Otherwise, in order to manage the end-of-life of structures, a consortium of aerospace manufacturers (EADS Astrium Space Transportation, Snecma Propulsion Solide, etc.) has been working on the Recco project (acronym for Recycling carbon fiber reinforced composites). The solvolysis process has been chosen for removing the thermoset matrix. In this technological and industrial background, all the stakeholders involved are analyzing an early integration of the recycling constraints and possibilities, in the design process of carbon composite parts. The next sections will explain the integration levels we face into develop a design for recovery approach.

3 Composite Design for Recovery

In order to take the end-of-life information into consideration from the product design phase, we naturally opted for design for X approaches. In our case, we worked on design for recovery (rather than recycling); taking disassembly into consideration, it should lead designers to propose recovery solutions for products or composite parts. In this approach, all the recycling requirements are considered as input (data) that must be taken into account in the product’s functional specifications. Consequently from a semantic point of view, we also encourage the use of the term recovery instead of recycling, to emphasize the second life or second use of the product or of its constituents, after the recycling phase.

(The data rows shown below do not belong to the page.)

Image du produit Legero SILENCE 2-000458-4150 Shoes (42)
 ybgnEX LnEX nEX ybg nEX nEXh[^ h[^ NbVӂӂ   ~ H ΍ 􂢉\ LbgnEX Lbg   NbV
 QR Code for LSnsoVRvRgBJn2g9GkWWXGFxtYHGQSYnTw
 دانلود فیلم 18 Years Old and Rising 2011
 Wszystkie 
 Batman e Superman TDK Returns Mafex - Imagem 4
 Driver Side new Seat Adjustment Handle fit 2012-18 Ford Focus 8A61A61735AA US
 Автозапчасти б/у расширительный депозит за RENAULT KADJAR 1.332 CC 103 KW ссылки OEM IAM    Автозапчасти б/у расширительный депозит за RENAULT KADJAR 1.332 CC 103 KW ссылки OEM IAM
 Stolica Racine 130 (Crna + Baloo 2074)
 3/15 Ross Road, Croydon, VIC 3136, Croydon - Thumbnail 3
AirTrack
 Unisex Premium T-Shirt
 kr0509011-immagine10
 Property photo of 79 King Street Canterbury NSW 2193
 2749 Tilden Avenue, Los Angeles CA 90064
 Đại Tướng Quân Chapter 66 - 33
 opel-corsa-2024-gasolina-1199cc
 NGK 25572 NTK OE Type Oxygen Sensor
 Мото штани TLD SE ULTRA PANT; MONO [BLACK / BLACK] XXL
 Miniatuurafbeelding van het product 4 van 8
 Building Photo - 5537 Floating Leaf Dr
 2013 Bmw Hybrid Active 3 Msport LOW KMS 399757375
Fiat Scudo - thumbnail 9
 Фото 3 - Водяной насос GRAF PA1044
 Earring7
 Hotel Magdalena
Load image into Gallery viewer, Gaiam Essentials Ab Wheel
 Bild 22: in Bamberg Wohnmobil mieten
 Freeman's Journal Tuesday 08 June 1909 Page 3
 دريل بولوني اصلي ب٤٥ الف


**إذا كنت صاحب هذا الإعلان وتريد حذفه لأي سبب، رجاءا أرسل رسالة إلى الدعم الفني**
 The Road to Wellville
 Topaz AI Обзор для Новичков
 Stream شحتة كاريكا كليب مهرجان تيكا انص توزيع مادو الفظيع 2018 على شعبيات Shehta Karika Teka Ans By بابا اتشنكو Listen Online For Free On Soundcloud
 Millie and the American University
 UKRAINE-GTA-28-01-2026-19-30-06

Lastly, we shift from the cradle to grave cycle to the spirit of cradle to cradle. Thus, even if we are using a design for recycling methodology or using the term recycling, we consider it to be a dynamic state, like a rebirth for future use, and not as a static and final goal. This means to consider future product design or future second life material from the recycling level. In other words, we are in two dual areas of research:

  • firstly, design for end-of-life can be summarized as design for recovery;

  • secondly, from recycling to design, the research deals with robust material recycled for design, that is to say constituents for which mechanical properties remain intrinsically invariant.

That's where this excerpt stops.